COVID-19 can cause a variety of symptoms. These may vary in severity between people.

Those with HCM may experience more severe symptoms of COVID-19.

Symptoms may include:

  • cough
  • fever
  • chills
  • breathing difficulties
  • sore throat
  • headache
  • congestion
  • shortness of breath
  • muscle and body aches
  • diarrhea
  • vomiting
  • nausea
  • loss of taste or smell
  • fatigue

Those who are at risk of severe illness from COVID-19, such as people with HCM, are eligible for treatments that can reduce the chances of hospitalization and death.

It is important that these medications begin within days of symptoms first appearing.

Antiviral medications are available to treat mild to moderate cases of COVID-19 in people more likely to experience severe illness. These treatments work by stopping parts of the COVID-19 virus from multiplying in the body.

Antiviral treatments include:

  • nirmatrelvir and ritonavir (Paxlovid)
  • remdesivir (Veklury)
  • molnupiravir (Lagevrio)

These treatments can have side effects and may interact with some medications.

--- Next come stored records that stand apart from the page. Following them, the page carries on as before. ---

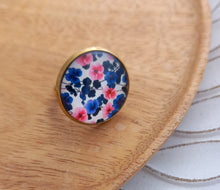 Charger l'image dans la galerie, Bague Fantaisie illustrée  Taille Réglable   Fleurs Bleu Rose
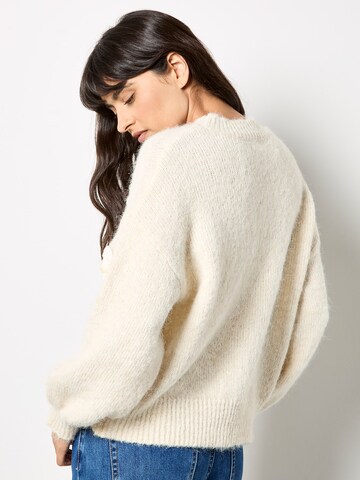 Apricot Pullover in Grau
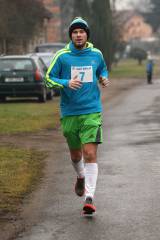 5G6H9433: Foto: V devětadvacátém Silvestrovském běhu ve Svatém Mikuláši zvítězil Dominik Kubec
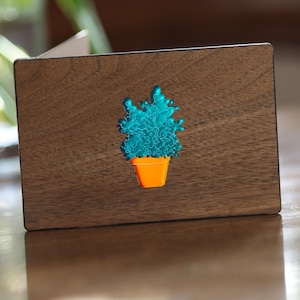 Blumentopf - Green Finger Geburtstagskarte - Glasmalerei-Grußkarte aus Holz. Handgemachtes Geschenk für Sie, Ihn, Gärtner, Naturliebhaber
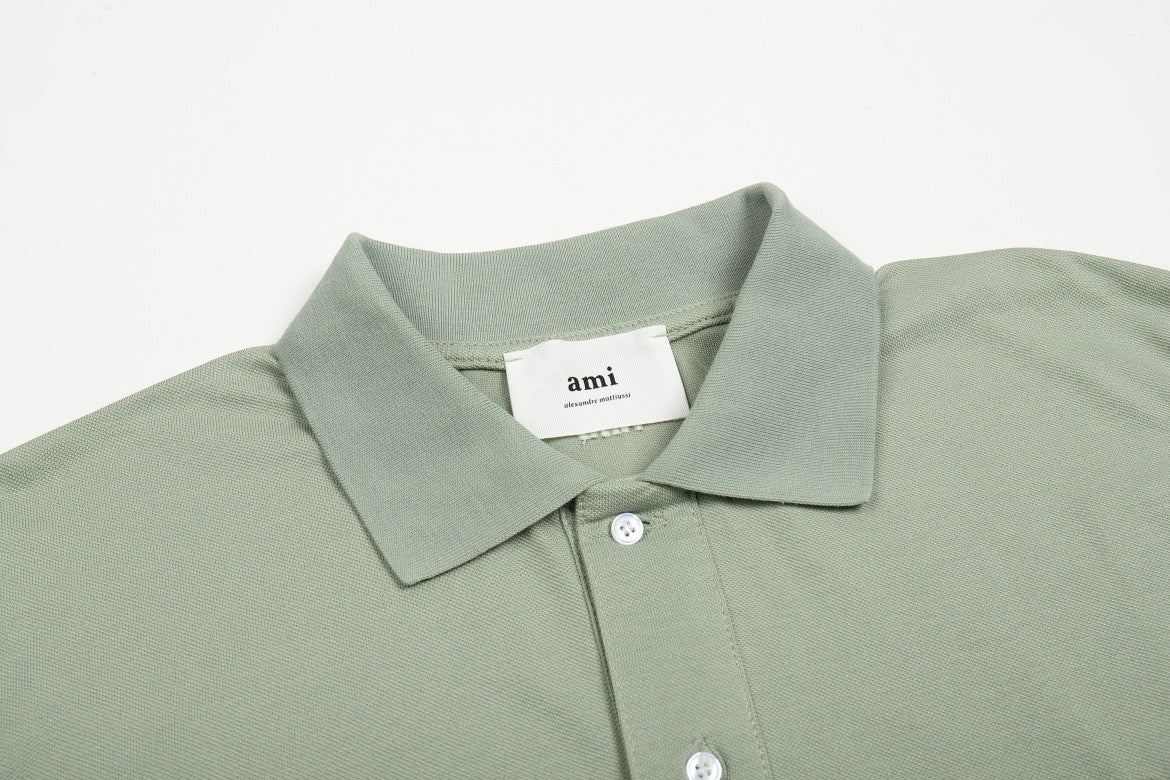 Polo vert à petit logo ami de cœur rouge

If a person has HCM and has tested positive for COVID-19, they should contact a healthcare professional right away, even if their symptoms are mild.

Doctors may use other treatment options for people admitted to the hospital with COVID-19.

The best way to help prevent illness and complications from COVID-19 is to avoid infection in the first place.

Taking precautions can help reduce the risk of infection, as well as lower the risk of serious illness or complications.

The Centers for Disease Control and Prevention (CDC) advise:

  • staying up to date with COVID-19 vaccinations
  • wearing a mask
  • avoiding crowded areas
  • increasing space between yourself and others
  • moving indoor activities with others outdoors
  • improving ventilation in indoor spaces
  • avoiding contact with people who have COVID-19 or potentially have COVID-19

HCM is a genetic disease of the heart. Evidence suggests people with HCM develop COVID-19 at the same rate as the general population. However, people with HCM are at increased risk of severe illness and complications due to COVID-19.

Those with underlying cardiovascular diseases such as HCM are eligible for treatments that reduce the severity of COVID-19-related illness and lower the risk of hospitalization.

Taking precautions such as wearing a mask and keeping up to date with COVID-19 vaccinations lowers the risk of infection and severe illness.